+++ STUDY MATERIAL
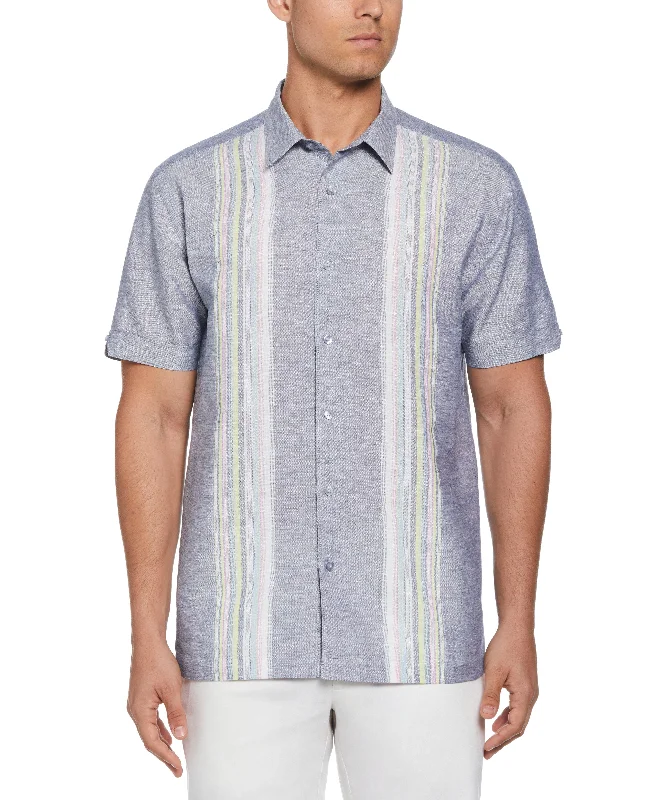 Linen Blend Yarn Dye Panel Shirt Dynamic Men's Glow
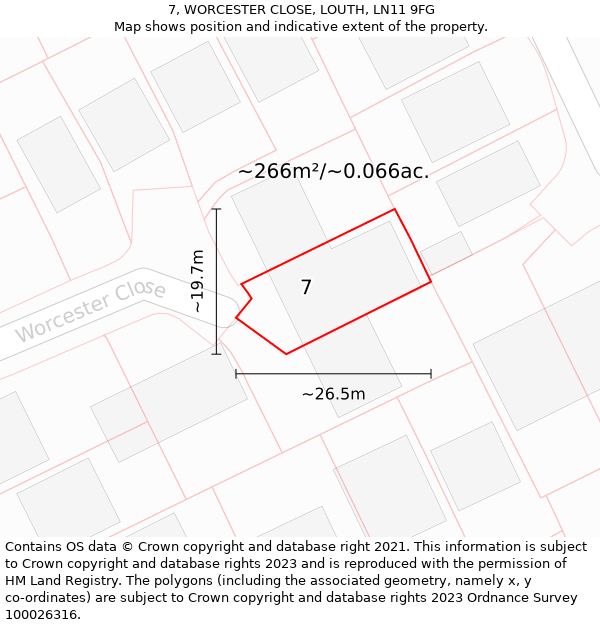 7, WORCESTER CLOSE, LOUTH, LN11 9FG: Plot and title map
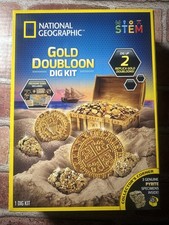 National Geographic Gold Doubloon Dig Kit 2 Replica Gold Stem Series Pyrite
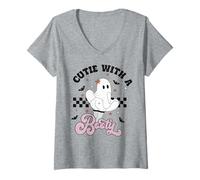 Womens Cutie with A Booty Funny Halloween Costume Ghost Men Women V-Neck T-Shirt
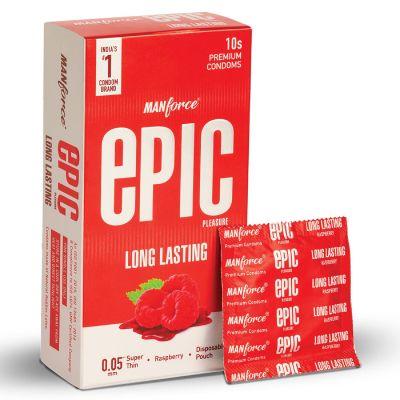 Manforce Epic Pleasure Long Lasting Premium Condoms (Raspberry Flavour), 1pack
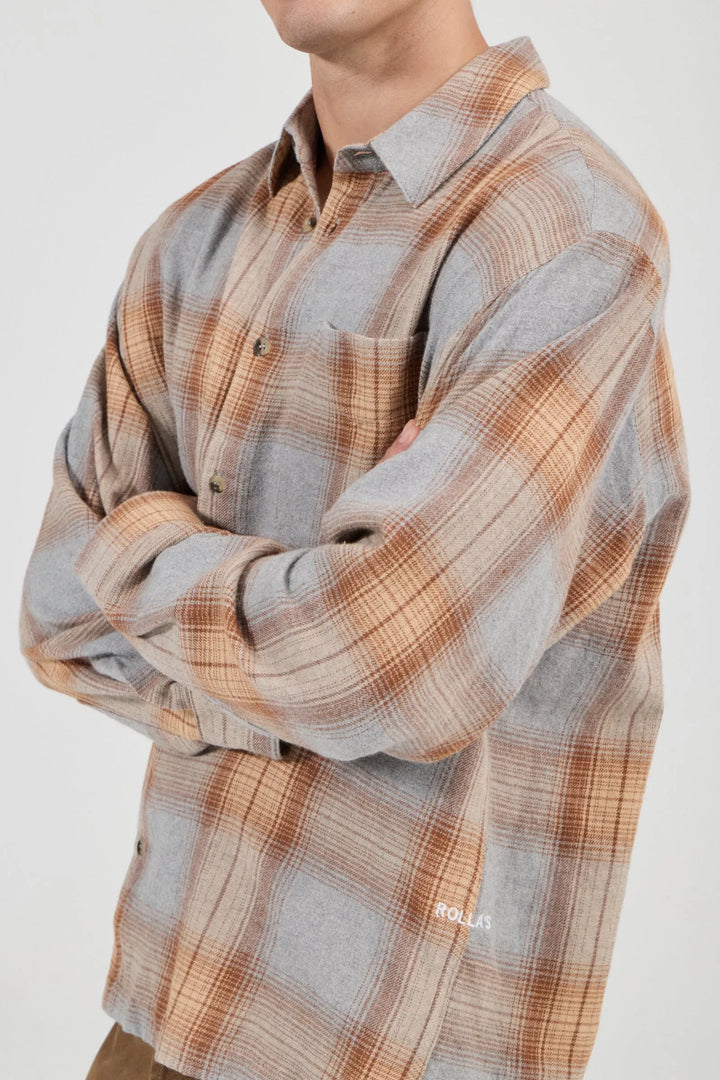 Campus Check Long Sleeve Shirt Dove Grey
++++++
- [TASK GOAL]: Please reproduce all the material exactly. Pictures stay out of the copy.

- [RESULT OF THE EXERCISE]:
 Linen Blend Yarn Dye Panel Shirt Dynamic Men's Glow
 7, WORCESTER CLOSE, LOUTH, LN11 9FG: Plot and title map
 National Geographic Gold Doubloon Dig Kit 2 Replica Gold Stem Series Pyrite
 Womens Cutie with A Booty Funny Halloween Costume Ghost Men Women V-Neck T-Shirt
 Manforce Epic Pleasure Long Lasting Premium Condoms (Raspberry Flavour), 1pack
 Campus Check Long Sleeve Shirt Dove Grey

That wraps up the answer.